EXERCISE DESCRIPTION:
Pictures in the records are to be excluded from an otherwise exact copy.

SOURCE RECORDS:
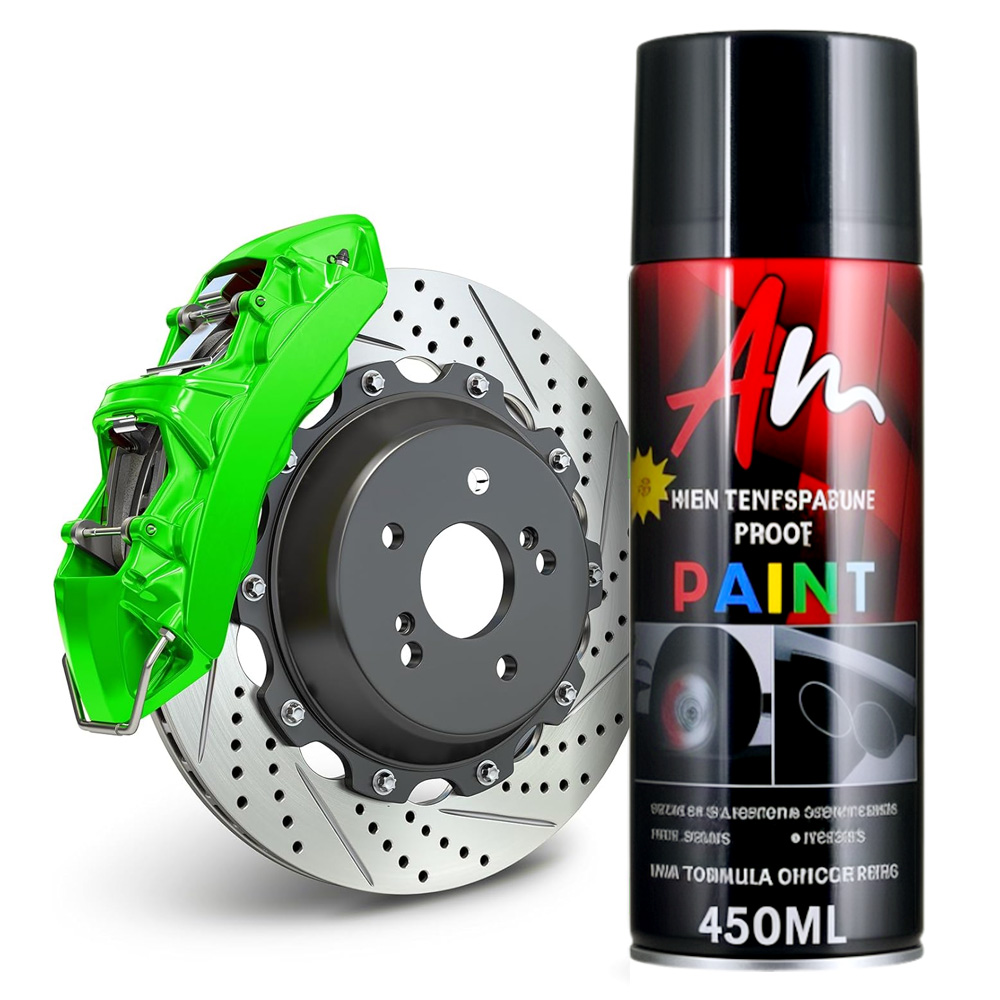 DIY Brake Caliper Paint 2K Aer - Metallic Spray Paint 评论和价格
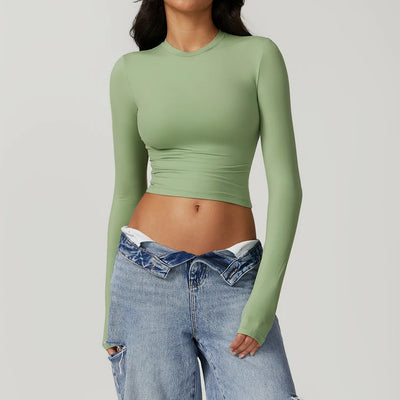 "Lunelle" Crop-Top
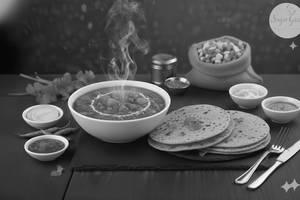 Mix Veg with 3 Roti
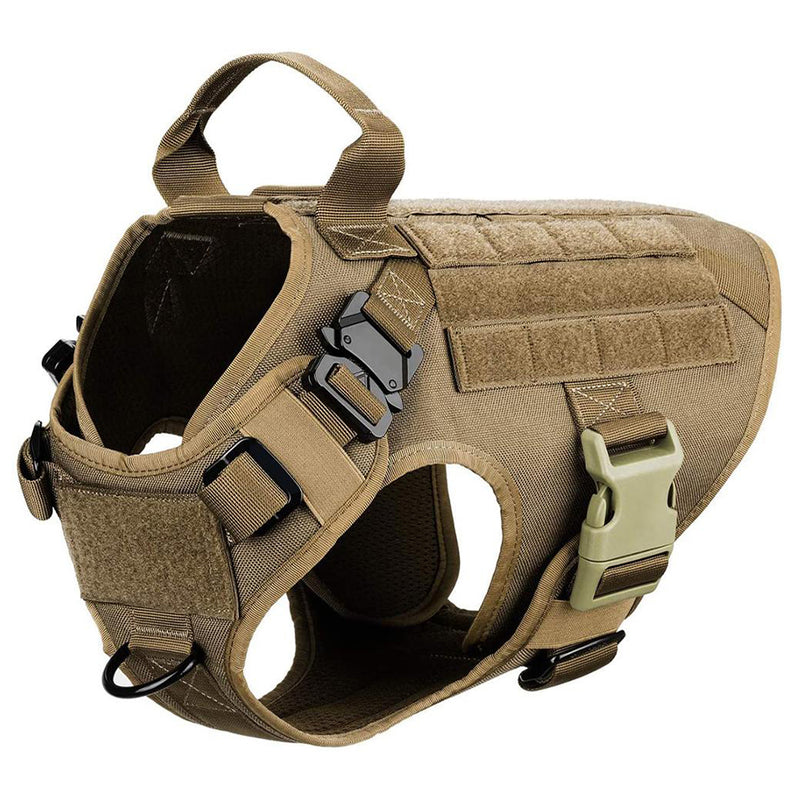 HEAVY-DUTY TACTICAL DOG VEST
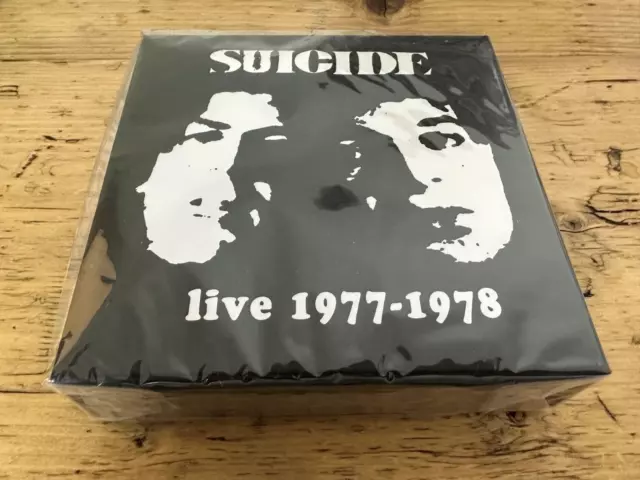 Suicide - Live 1977-1978 6CD Box Set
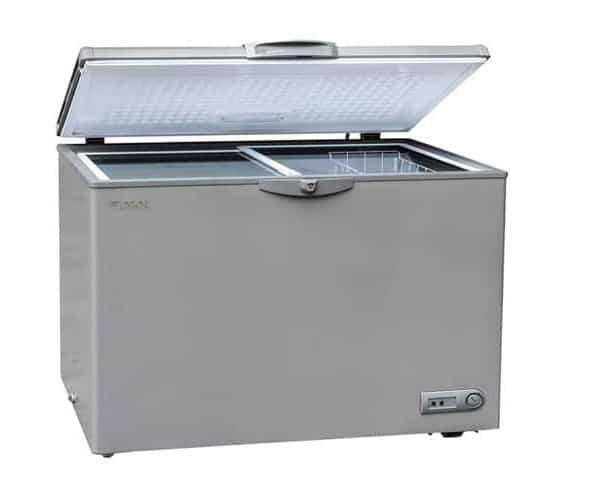 CONGELATEUR HORIZONTAL COFFRE 300L FINIX FIN-300 VITR GRIS 985X565X82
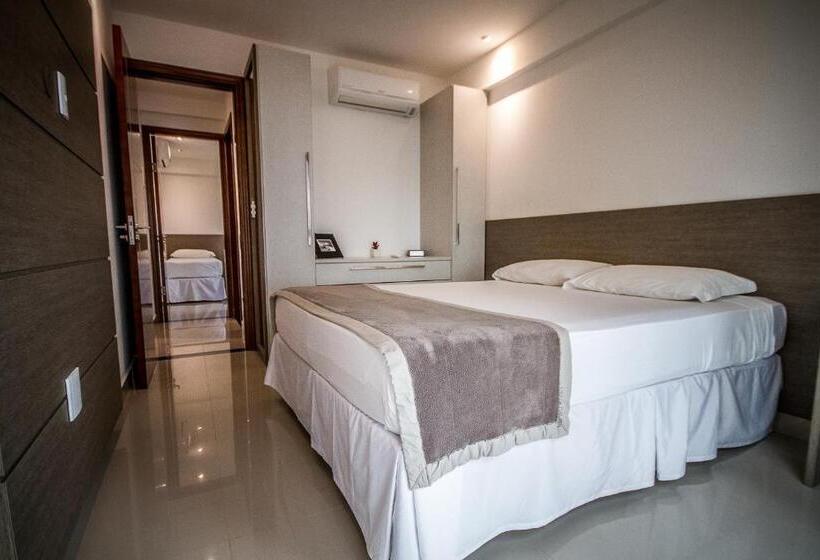 Апартаменты 2 Спальни, Premium Flat Ponta Negra Natal
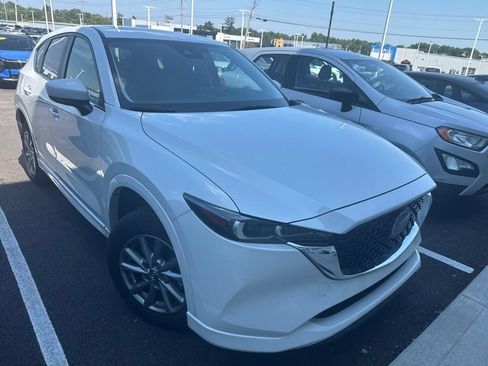 Used 2024 MAZDA CX-5 AWD 2.5 S w/ Preferred Package image 3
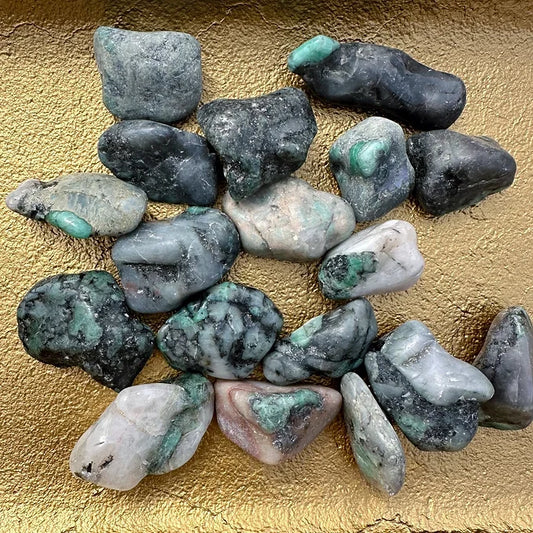Emerald Tumble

WORKED SOLUTION:
 DIY Brake Caliper Paint 2K Aer - Metallic Spray Paint 评论和价格
 "Lunelle" Crop-Top
 Mix Veg with 3 Roti
 HEAVY-DUTY TACTICAL DOG VEST
 Suicide - Live 1977-1978 6CD Box Set
 CONGELATEUR HORIZONTAL COFFRE 300L FINIX FIN-300 VITR GRIS 985X565X82
 Апартаменты 2 Спальни, Premium Flat Ponta Negra Natal
 Used 2024 MAZDA CX-5 AWD 2.5 S w/ Preferred Package image 3
Emerald Tumble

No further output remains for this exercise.